[EDITOR'S NOTE: This case is unpublished as indicated by the issuing court.]
MEMORANDUM OF DECISION
This is an action to recover damages from officers of a dissolved corporation relying on the theory of piercing the corporate veil. The plaintiff and the corporation, J. E. L. Inc. entered into a contract for the construction of a house for the plaintiff in 1984. The plaintiff purchased the property on April 18, 1985 and received a warranty deed from the corporation. The plaintiff later brought an action against the corporation for defective construction of the house and recovered a judgment against it on February 5, 1991 for $25,757. The attachment against J.E.L. Inc was uncollectable since the corporation was insolvent and was later dissolved. The defendants in this action are the former president and treasurer, John E. Lockshier, and the vice-president and secretary Carrol A. Lockshier.
The defendants claim that they have no liability for the debts of the corporation or the plaintiff's judgment against it, and that this action is barred against the defendants because it was not brought within the period of the statute of limitations.
At the trial of this case the plaintiff failed to offer evidence in support of his claims, although he submitted some documents attached to a brief which was filed at the time of trial.

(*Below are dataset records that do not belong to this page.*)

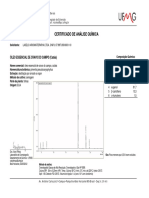 Óleo essencial de cravo do campo (Cataia) - Análise química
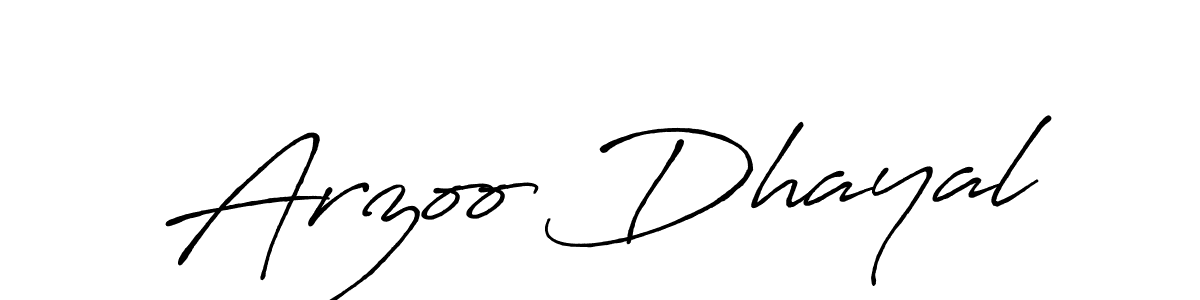 Use a signature maker to create a handwritten signature online. With this signature software, you can design (Antro_Vectra_Bolder) your own signature for name Arzoo Dhayal. Arzoo Dhayal signature style 7 images and pictures png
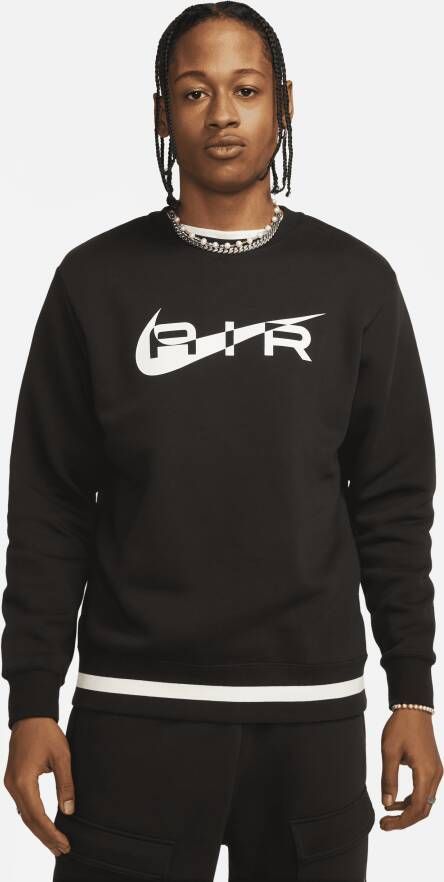 Nike Air sweatshirt van fleece met ronde hals voor heren Zwart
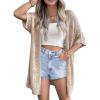 Zeagoo Lightweight Summer Crochet Cardigan for Women Short Sleeve Kimono Boho Oversized Open Front Knitted Cardigan(Beige)
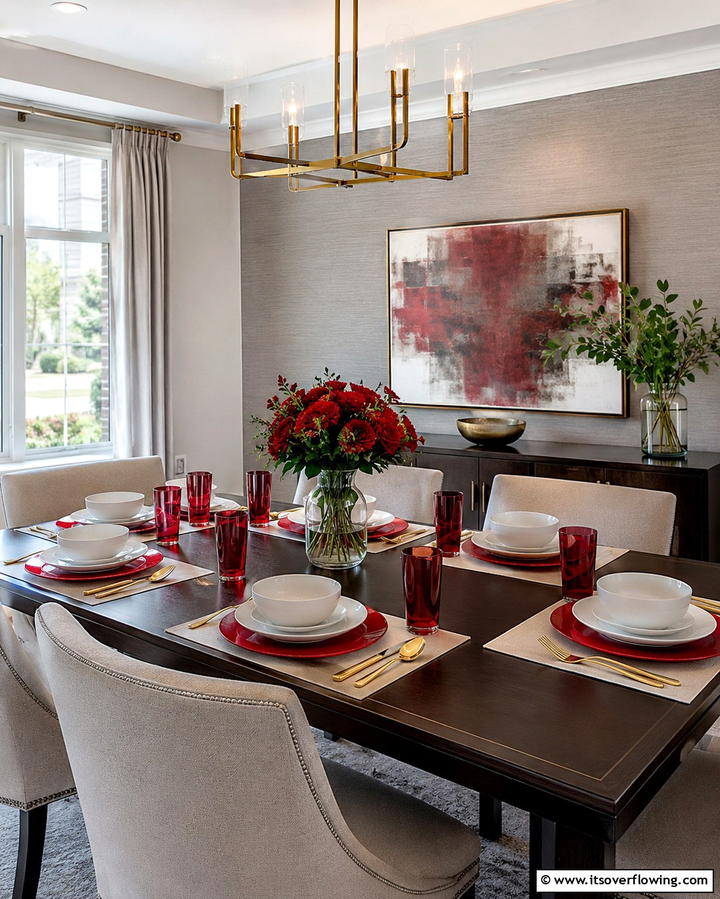 Ruby Red Tableware - 30 Red Wedding Theme Ideas for Bold and Romantic Celebrations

The defendants' attorney briefly called the plaintiff as a witness, and the plaintiff conceded that the defects in the house were discovered shortly after April 18, 1985 and that the defendants in this action were not defendants in the original action against J.E.L. Inc. The plaintiff claims that the defendants as directors and officers are responsible for the debts of the corporation and for the judgment against it for defective construction of the plaintiff's house, relying on both the identity rule and the instrumentality rule of the doctrine of piercing the corporate veil.

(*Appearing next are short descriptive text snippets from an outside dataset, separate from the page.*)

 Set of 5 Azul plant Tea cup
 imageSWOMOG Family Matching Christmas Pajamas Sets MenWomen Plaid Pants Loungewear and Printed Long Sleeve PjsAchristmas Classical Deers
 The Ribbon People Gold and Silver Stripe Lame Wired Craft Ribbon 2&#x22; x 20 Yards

The purpose of a corporation is, in part, to shield the individuals who operate it from personal liability, and persons dealing with the corporation must look to it rather than its officers and directors to satisfy claims against the corporation. The doctrine of piercing the corporate veil is rarely successful. The plaintiff has the burden of proof on a claim of piercing the corporate veil. Campisano v. Nardi,212 Conn. 282, 293. The concept is equitable in nature, and the corporate shield against liability of officers, directors and shareholders may be disregarded under either the instrumentality or identity rules. Falcone v. Night Watchman, Inc., 11 Conn. App. 218, CT Page 5388 220. The identity rule applies where the plaintiff proves that there was such a unity of interest in ownership that the independence of the corporation had in effect ceased or had never begun, and allowing a separate identity is inequitable for an economic entity to escape liability arising out of the operation conducted by one corporation for the benefit of the whole enterprise. Id, 221; Zaist v. Olson, 154 Conn. 563, 576. The rule may be used in an appropriate case to hold an individual liable. Saphir v. Neustadt, 177 Conn. 191, 209, 210; Zaist v. Olson, supra, 575.

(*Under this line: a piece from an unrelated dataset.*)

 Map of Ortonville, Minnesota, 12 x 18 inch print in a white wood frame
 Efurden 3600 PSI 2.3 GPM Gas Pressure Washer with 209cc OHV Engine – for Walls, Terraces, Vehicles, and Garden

The instrumentality rule imposes individual liability for corporate actions upon a shareholder, director or officer of a corporate entity that is, in economic reality, the instrumentality of the individual. Campisano v. Nardi, supra, 291; Angelo Tomasso Inc. v. Armor Construction Paving, Inc.,187 Conn. 544, 552-53. The instrumentality rule requires, in any case except an express agency, proof of three elements: (1) control, not merely majority or complete stock control, but a complete domination, not only of finances but of policy and business practices in respect to the transaction attacked so that the corporate entity as to this transaction had at the time no separate mind, will or existence of its own; (2) that such control must have been used by the defendant to commit fraud or wrong, to perpetrate the violation of a statutory or other positive legal duty, or a dishonest or unjust act in controvention of plaintiff's legal rights; and (3) that the control and breach of duty must proximately cause the injury or unjust loss complained of. Id, 553.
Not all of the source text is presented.